Event organisers want to build on the success of the SASOL solar car race
Will the sun come out for a new solar boat race due to take place next year in Knysna?
Right now there are no clouds on the horizon for Rob Walker, who plans to launch the Solar Boat Challenge in October next year on the back of success with solar cars.
“My business runs the (SASOL-sponsored) solar car race and so we are in a unique position in terms of understanding what these types of events require,” Walker told SABBEX in a recent interview.
“We’ve been looking for some time how to get into the solar boat world.”
The idea is to provide a space for teams to compete against each other within various classes, ranging from high school league to privateer teams intent on showcasing their design finesse. In this way the race would mimic similar races overseas which typically attract technological innovation. The event is therefore as much about entertainment as it is a business incubator.
Explained Walker: “It is a big push for innovation and for what I would call efficiency and reliability in renewables.”
“I was intrigued from an event perspective because I haven’t come across anything like this in South Africa.
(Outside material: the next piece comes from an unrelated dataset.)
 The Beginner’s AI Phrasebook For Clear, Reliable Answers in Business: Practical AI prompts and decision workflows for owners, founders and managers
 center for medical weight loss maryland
There are ad-hoc gatherings where one or two guys meet, but no kind of event.”
He said discussions are still ongoing but organisers hoped to secure Knysna as a host venue.
“For us as an events company it is about making sure we have something that is viable and which could generate interest among the public, and to have something that will draw sponsors at some point in the near future.”
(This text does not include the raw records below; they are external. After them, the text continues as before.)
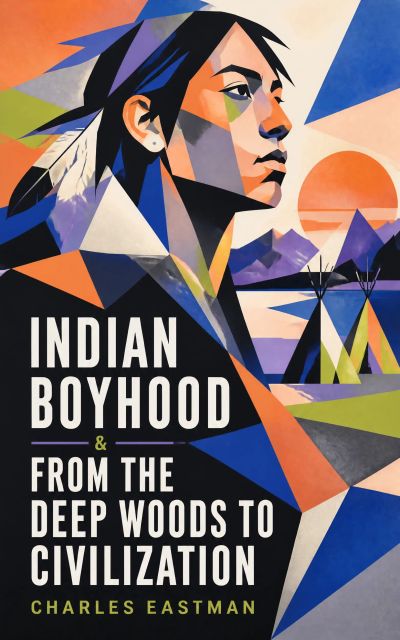 Indian Boyhood & From the Deep Woods to Civilization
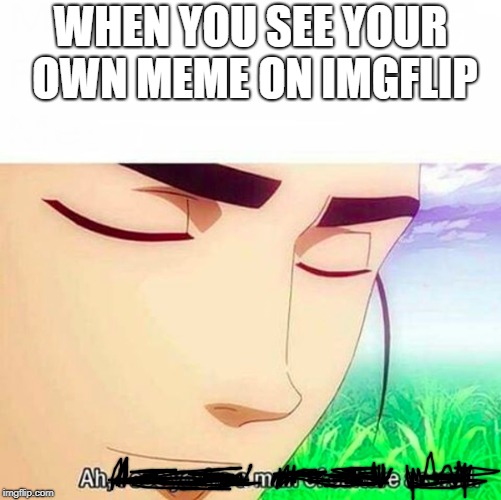 Ah,I see you are a man of culture as well | WHEN YOU SEE YOUR OWN MEME ON IMGFLIP | image tagged in ah i see you are a man of culture as well | made w/ Imgflip meme maker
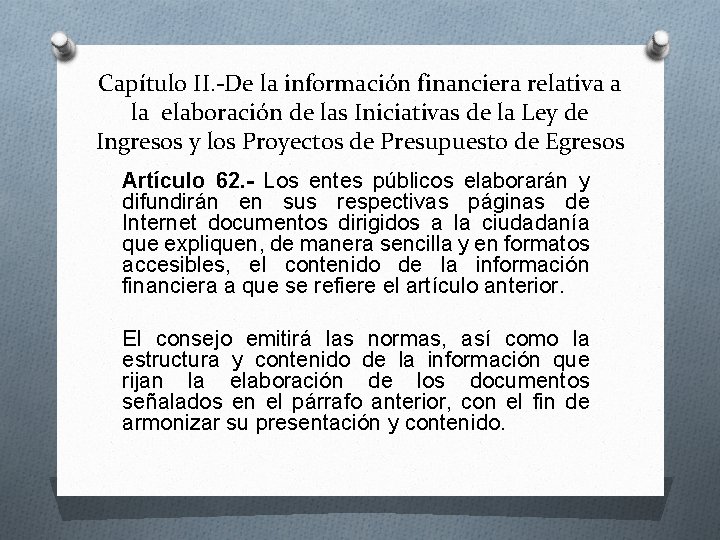 Capítulo II. -De la información financiera relativa a la elaboración de las Iniciativas de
He said his team had been assisted by solar events company Solar Sport One which manages a world series of solar boat races, among them the benchmark Monaco Solar & Energy Boat Challenge. “They really helped us a lot to get the regulations right and understand what is possible and what is not,” said Walker. “They were very interested in an event in Africa.”
The initial aim is to host an inaugural event, possibly in February next year, and then grow the event into a regular fixture. “The thinking is to get an event on the water, get five or six boats built so that people are talking about it, and then see how we progress,” said Walker, adding that he hoped to secure some international university teams to help generate interest and inspire their local counterparts. “They (the international teams) set the standard. We will say to our local guys, this is what you can aspire to.”
The event would hopefully also inspire youngsters to pursue careers in maths and science by signalling the prospect of “a whole new industry that is coming”, Walker said. “We are saying to them that if they need to be at the forefront (of the technology revolution) and can build amazing things that run on the power of the sun.”
As such the solar race was never conceived to be solely about business revenue: “It is so much more than that. We don’t just want to put on another boating event. We’re looking for something that can move the needle a little bit,” Walker said.
News of the possible solar boat race comes amidst global demand for hybrid electric propulsion leisure boats, many of them made in local boat yards. Cape Town yard Scape recently secured a joint venture with American company Nova Luxe to produce electric propulsion boats for the international market.